Everyone who views the Temple Grandin movie instantly "gets" the concluding scene, where an adult Temple and her mother attend an autism conference and the audience filled with parents and autistic children, desperate for any type of information and help, are "treated" to an expert who knows nothing of what he speaks, but is blaring at the top of his lungs. An autistic child who is spinning to comfort herself is told to sit down; Temple stands and declares, "No! I think spinning is good!" The audience immediately turns. They gravitate to her like the small fish did to me and Bruce in the Sierras last weekend, rapt, in identical ranks.
So, people "get" this. It's been enough time that autism is known and is beginning to be seen as a different form of perception from the majority of people. The problems experienced by people on the autism spectrum are understood by a plurality of others -- perhaps by now, a majority. And people are even beginning to understand that the gifts of perception of those on the autism spectrum are valuable, needed, necessary, essential. Truly a different ability, not a "disability."
I myself, enjoyed being deaf, dumb and blind. There was a comfort in it. It enabled me to tell myself I was "successful" in the eyes of the world. It facilitated social acceptance. I had an entire mask that pretended to hear and see, and which spoke for me. I have now perhaps 2 million words on this blog; to my satisfaction and no shame, I see the evolution inherent here. And I didn't go from "nowhere" to "somewhere." I was always and ever, writing the glimpses of what I did see, hear and feel.
To see well, one must also be willing to be seen. To hear distinctly, one must also be willing to be heard. To speak truly, one must also be willing to listen.
On these counts, the majority of people fail utterly. Is it their "fault?" No, it is as they are both born and raised. Our culture seeks to dull the natural senses and perception through so many means. It overlays a false sense of universality -- this is why there is such a great rush for dominance in our creative forms. Films don't undertake to tell any type of truth. The majority seek to "deliver" the expected, in order to make as much money as possible. They are carbon copies of carbon copies of carbon copies, so degraded in image that perhaps only the eyes and mouth are visible of the original image.
Food, the same. All these tomatoes must look alike. They must stay good over long truck journeys. They are picked green and "ripened" with gas. They are like red balls of wood. Nobody slices up wood and puts it on their sandwiches and in their salads. All these chips must be the same. All these cookies, as well. This is a bright orange orange, and improbably, even this hardest of fruits to degrade is bland and watery inside. You thought that was a peach? Doesn't it remind you of a breast implant? I can't even comment on the center aisles of the market as I haven't shopped there for years. Chicken tastes like white paste. Hamburger has little flavor; no wonder people want to buy the pre-flavored patties in frozen boxes.
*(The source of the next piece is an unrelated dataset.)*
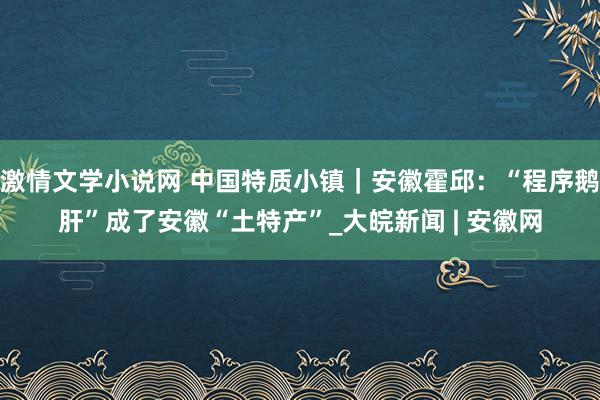 激情文学小说网 中国特质小镇｜安徽霍邱：“程序鹅肝”成了安徽“土特产”_大皖新闻 | 安徽网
We arrange our gardens in neat rows. We bisect them with concrete paths. Along the path are benches for those too fat, weak or tired to move their legs for longer than a tenth of a mile. We pass from one place to another in large, loud vehicles, which we falsely believe conceal us from those around - our armored cars.
We watch those we falsely believe "lead" us on television. Fox News or MSNBC - two oppositely-charged particles revolving around the same rotten nucleus.
We send our children to school at no younger than 5, and no older than 6, with rare exceptions. All born between certain dates start school at the same time. The younger ones begin with a disadvantage; the older ones an innate advantage in being a bit older, bigger, more mature. Eight months at such a young age is a tremendous difference. In the schoolyard, we smile to see our children emulate chickens in the barnyard, the stronger pecking the weaker, sometimes to death. Chickens appear to have once been dinosaurs, like all birds. They are domesticated into horrible behaviors - only certain breeds could survive even a few days in the wild. Is it the chicken which, trapped in its barnyard, emulates its master?
What about the fact that we've domesticated ourselves into these same chickens is so difficult to comprehend?
Out "there," in the land we haven't yet managed to domesticate and remake in our desired form, are the animals which remain. The vast ocean, which some believe may be a living thing, with its own thoughts. The earth itself, which we've changed only an infinitesimal amount despite our desire to believe we rule and conquer all.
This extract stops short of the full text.